Boy, do I wish December-me knew what I know now.
I got a call two Tuesdays ago from Eric’s, the auto shop I use, that went like this: “Hey Jacob, your car is ready. It didn’t pass inspection though, since your tail light is busted. Get the tail light replaced and then come back to get it re-inspected.”
Ugh. I dreaded hearing that statement.
Even worse, I had to drive around with a bright pink, “REJECTION,” sticker on my windshield.
If you know me, you know I hate rejection. In any form at all. I don’t care if it’s in a game of pick-up basketball, which I am terrible at by the way, and my shot gets blocked, I get super frustrated and once again confirm my hatred of rejection.
And since I can’t keep things at a surface level ever, I began to dig deep inside of myself once I received this latest piece of rejection.
If I fix the problem that caused my car to be rejected, when it gets re-inspected, it’ll pass the test.
Normally, this is the logic that I follow when I get turned down by the opposite sex. “If I fix what they think is wrong with me, then they’ll see and accept me and want to be with me.”
But when has this ever worked? It didn’t even work when I changed certain ways that I conducted myself when I was dating my college girlfriend. Spoiler alert: she broke up with me anyways.
This whole “fix the specific problem to avoid rejection again” thing only works in the automotive industry. It never works in relationships, whatever level the relationship is on.
Sometimes, we just have aspects of our lives that don’t need fixing. They’re what make us “us.” The small little quirks about us that are unique to our personalities. And if we take those aspects away and try to fix them, we stop being who we are as a result. Just trust me on this one, I’ve been there, done that, and have the scars to prove it.
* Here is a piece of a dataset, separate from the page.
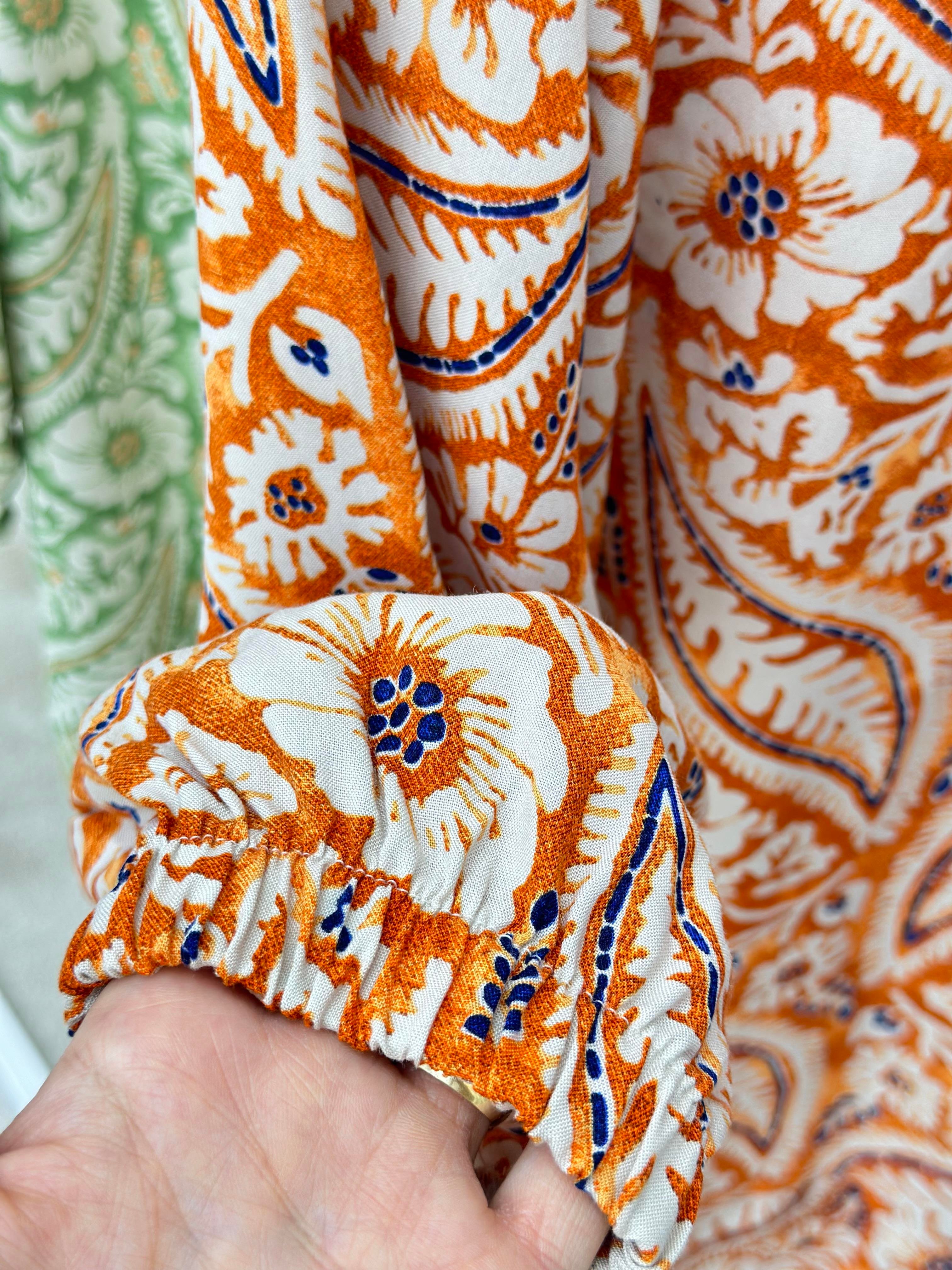 Viscon Desenli Yaz Tuniği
But sometimes people come into our lives who say, “Yeah you have quirks and some weirdness, but I think it’s kinda cool. I don’t see a problem with it.” They accept the personality traits that others saw as problems, and actually enjoy them.
Truth be told, I’m still waiting for that person to come into my life. I’m still waiting for someone of the opposite sex to accept my quirks and weirdness.
And that’s okay.
Life isn’t all about fixing everything for re-inspection and reinstatement; sometimes just accepting that we’re unique is all we have to do.